The Richness of the Classroom

The Richness of the Classroom

 

Online learning has always been positioned as the poor relation to classroom or face-to-face learning. The challenge has always been:

 ’How can you possibly re-create the richness of the classroom online?’.

My standard response was that not all classrooms have richness – it depends upon the ability of the trainer. Some trainers are truly exceptional, relying on well designed exercises and activities to really help people learn. I characterise these trainers as ‘The Star on the Stage‘. However some trainers are far less capable, relying on stacks of PowerPoint slides packed with hundreds of bullet points. Others really know their stuff but are unable to bring the deep knowledge they have to life for learners. These trainers are often characterised as ‘The Sage on the Stage‘ (you will recognise them from your college or university days).

Mr Clugston and Dr Jennens

At school these two teachers made a big impression on me. Mr Clugston introduced me to the joy of mathematics. His passion for the subject combined with his insight into what makes the subject difficult for learners meant that he was able to design maths lessons that kept us awake and fully engaged. He also loved technology and brought along one of the very first programmable calculators (a Sinclair with an LED display) to a lesson one day to show us how maths was changing the world. Dr Jennens however made physics boring to the extreme. His detachment from learners and from the problems learner’s faced in understanding abstract concepts meant that many of us lost interest completely and had to pass our exams using our text books alone.   

In the early days I accepted that an online course was probably less rich than a good (Star on the Stage) face-to-face workshop but its advantage was that it was more efficient and flexible and accessible by anyone 24/7. Not many classrooms can do that!

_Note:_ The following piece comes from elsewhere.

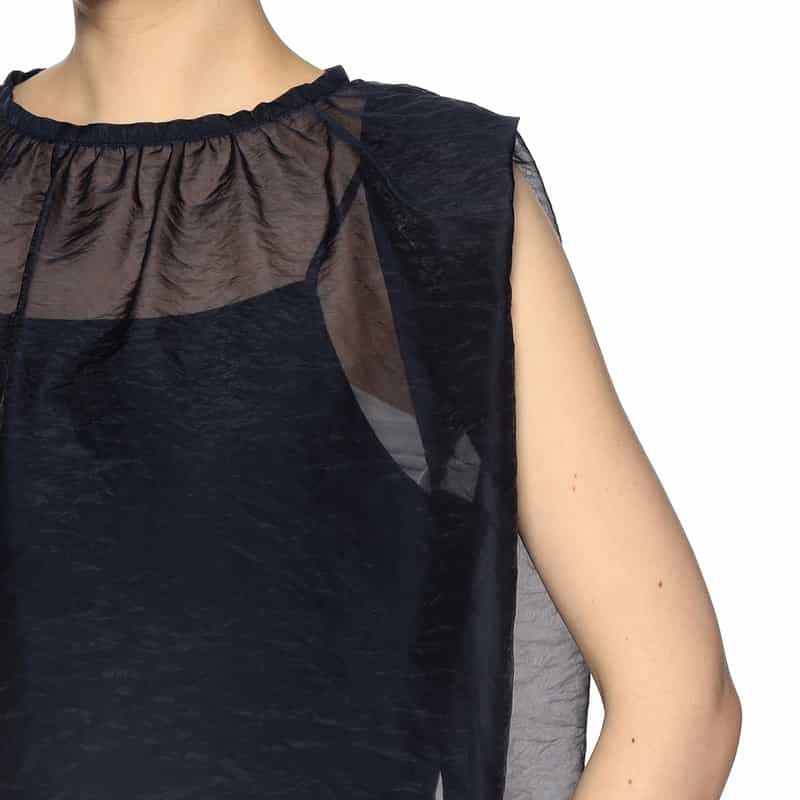 BARNEYS NEW YORK シアー素材 バッグリボンブラウス (インナーキャミソール付) NAVY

Recently though I have come to realise that online learning can be just as rich as classroom learning. It’s just that the richness is evident in different ways. Here are some of them:

  • In a well designed e-learning module you can explore things and repeat things to your heart’s content and you can fail without embarrassment. It’s just you and your learning.
  • In a virtual classroom you can make contributions, take part in polls and follow live weblinks all from the comfort of your laptop or tablet computer.
  • In a webinar you can surf the backchannel chatting with other learners and sharing stuff that the trainer has missed.
  • In a virtual learning environment you can take part in discussions with other learners and get help from your e-tutor when you need it.
  • In a learning management system you can take online assessments or diagnostics to test your own understanding.
  • In a social learning platform you can contribute your own content and resources and these can be rated and commented on by other learners. You can be the trainer as well as the learner.
  • You can access learning at the point of need via a mobile device such as a smarphone or tablet.
  • You can extend your learning beyond the single classroom event so that not only do you learn stuff but you also have the ability to reflect on and show evidence of how that learning is applied back in the workplace.
  • You can connect your learning with colleagues and others via social media tools such as Twitter, LinkedIn, Facebook and YouTube.

I still come across trainers and L&D people who will defend the classroom until the lights go out. Partly this is because they see online learning as a threat to their business model but it’s also because they genuinely haven’t opened their minds to the possibilities of online learning.

This isn’t meant as a polemic against the classroom just a recognition that online learning has some great things going for it and any trainer not using it to improve the learning experience for their learners is in danger of becoming extinct.